After the Islanders advanced past the first round in 2019, playoff games moved to Barclays Center, which quickly became a sore spot for Isles fans, whether it be the commute or eerie feeling of a hockey game being played in a building not constructed for that purpose. They remained near the bottom in attendance at Barclays Center.
“It felt like you went to a shopping mall and there was a hockey game taking place in there,” Leboff said.
In other words, the complete opposite of the Coliseum.
As the move to Barclays backfired, it allowed the Coliseum to host the entire slate of home games – plus playoffs – in 2021, which New York Gov.
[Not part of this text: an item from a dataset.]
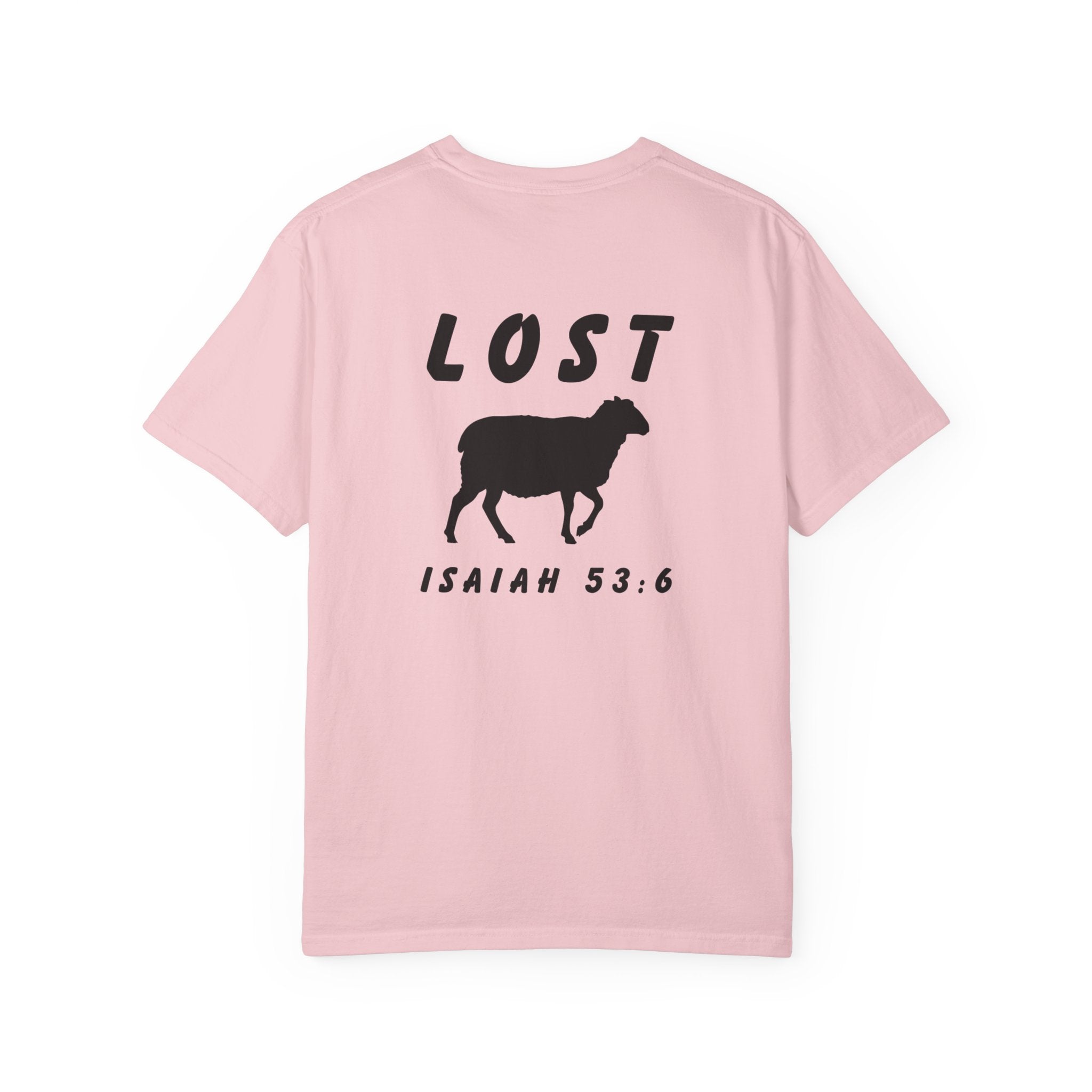 Pursue "Lost" Sheep T-Shirt — Isaiah 53:6 Christian Graphic Tee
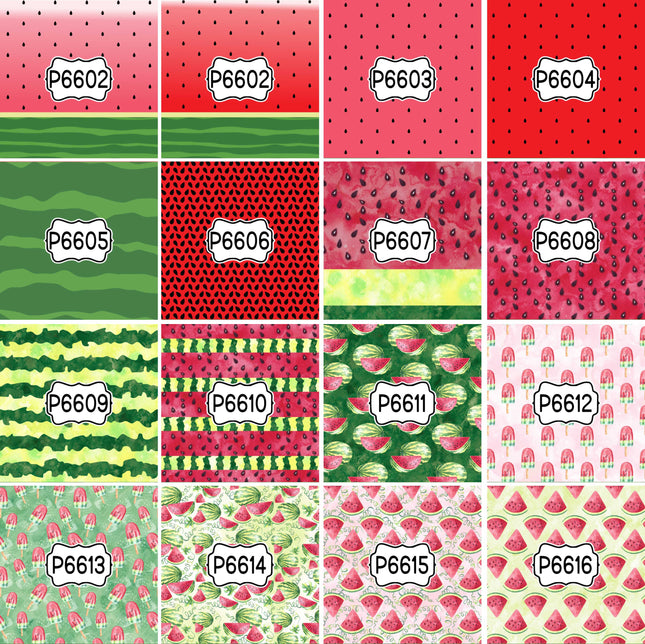Food Print Pattern DIY Vinyl Sheet Iron-On Transfer or Sticker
Andrew Cuomo announced on Feb. 29, 2020. Weeks later, the coronavirus pandemic threatened that reality.
Fans were allowed back in the building in March 2021, starting at 1,400, and the arena approached its 14,000-person capacity Saturday night.
“If you’re a hockey fan,” Leboff said, “there’s no better place to watch a hockey game.”
The seats are nicer now, the exterior of the building looks different and there are more corporate amenities compared to the old joint. But not much of a difference exists when it comes to atmosphere.
“It’s so raucous,” Trottier said.
The noise funnels down to the ice, he added. Lip-reading became an essential skill – hearing the teammate next to you, even if he was screaming, was impossible.
“Here we are, basically 50 years after it opened, and the Coliseum stands ready,” he said. “It stands ready to bring that same, crazed din.”
The proper way to close down a barn like this.